Ross Watson (born May 22, 1975) is a designer of computer, miniature and role-playing games and a writer in various genres. Watson worked on the Warhammer 40,000 Roleplay line as the lead developer for Dark Heresy, was the lead designer for Rogue Trader and Deathwatch, and was part of the design team for Black Crusade. He was the lead developer for both Aaron Allston's Strike Force and Savage Worlds Rifts. His written works include the Accursed and Weird War I settings for Savage Worlds, contributions to the Star Wars: Edge of the Empire RPG, and the video games Darksiders II, Warhammer 40,000: Regicide, and Battlefleet Gothic: Armada. Watson has designed rules and scenarios for miniature game lines, such as Dust Warfare, and he has written for several card games, including Warhammer: Invasion, Empire Engine, and the Lost Legacy series.

==Early life==
Watson was born in Fayetteville, Arkansas. He has been a lifelong gamer, starting at age eleven. His first year of employment was as a landscaper/lawn mower in Hot Springs, Arksansas.

Watson was introduced to role-playing games by his father in Evanston, Wyoming during 1986. He started out playing Dungeons & Dragons, and by the time he was in high school, he was playing several different systems at the same time: Robotech, TMNT, Rifts, Star Wars, and Marvel Super Heroes.
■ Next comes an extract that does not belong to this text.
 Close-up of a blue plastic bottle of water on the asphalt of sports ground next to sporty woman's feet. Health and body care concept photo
Watson was often asked to come up with the stories and adventures for these games during lunch, building his ability to improvise and connect narratives. Watson said, "My father brought home this red box labeled ‘Dungeons & Dragons.’ He told me that ‘it looked interesting,’ and that I should ‘really learn how to play it.’ So I did."
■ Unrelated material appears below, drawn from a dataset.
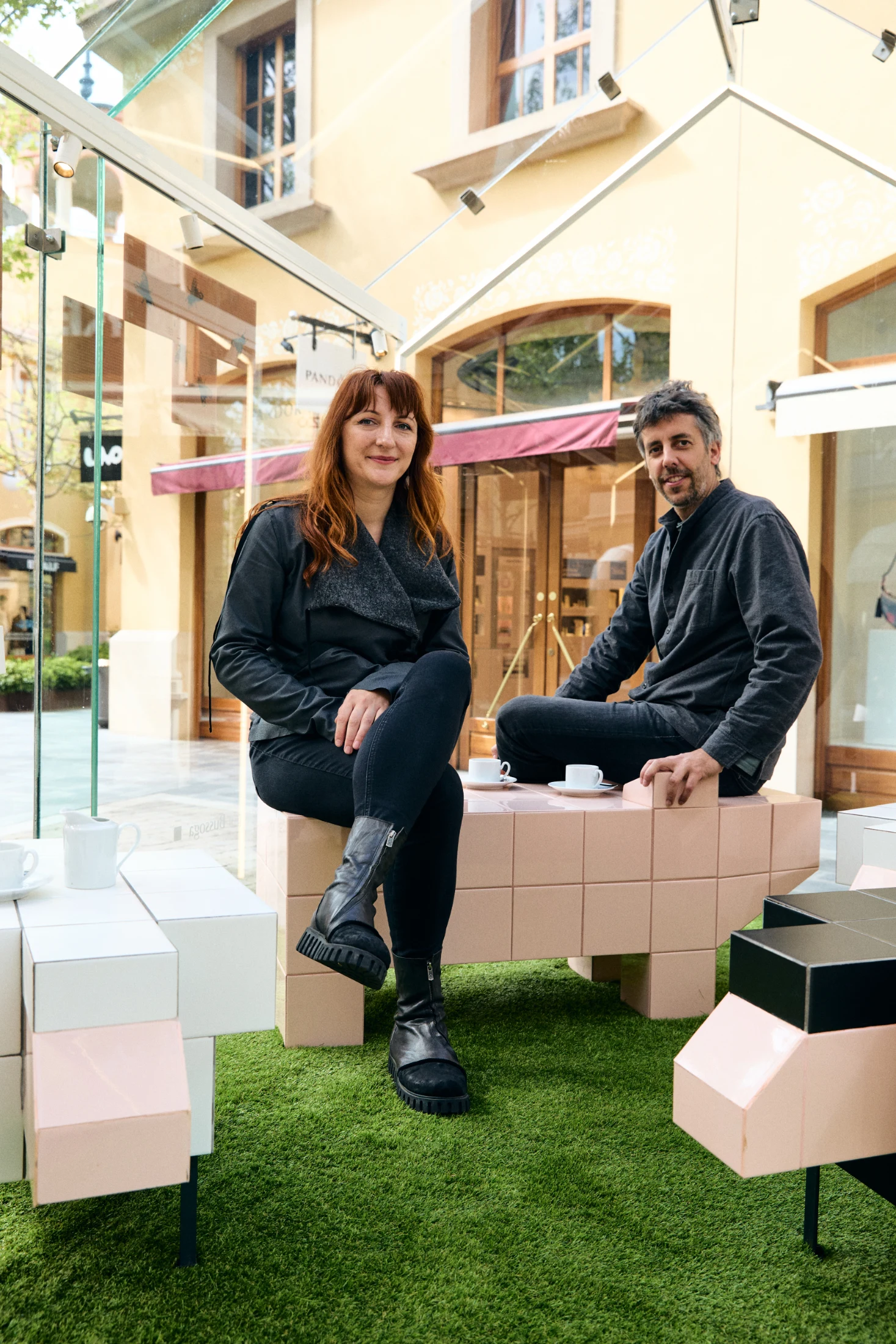 The duo behind Bussoga's tile designs: Irina Grosu (left) and Josep Motas (right).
Watson first became interested in wargaming during high school. During his enlistment in the United States Army at Fort Knox, Kentucky, Watson became involved with a local group playing Warhammer 40,000. Since 1999, he has been a miniature war-gaming enthusiast.

==Career==

===D20===
Watson's involvement in the Louisville, Kentucky gaming scene led to his employment as the D20 Line Editor at Citizen Games. He helped develop and write several products for Citizen Games and parlayed that success into freelance writing for other companies such as Atlas Games and Fantasy Flight Games. Watson wrote for several D20 projects, including the Penumbra Fantasy Bestiary, Sorcery & Steam, and the award-winning Dawnforge: Crucible of Legend. Wizards of the Coast tapped Watson to edit the Complete Divine sourcebook for Dungeons & Dragons 3.5.

===Games Workshop===
In late 2003, Watson was employed as a copywriter/editor at Games Workshop in Glen Burnie, Maryland. He joined the US White Dwarf team creating content for the magazine for Warhammer 40,000, Warhammer Fantasy, and The Lord of the Rings Fantasy Battle Game.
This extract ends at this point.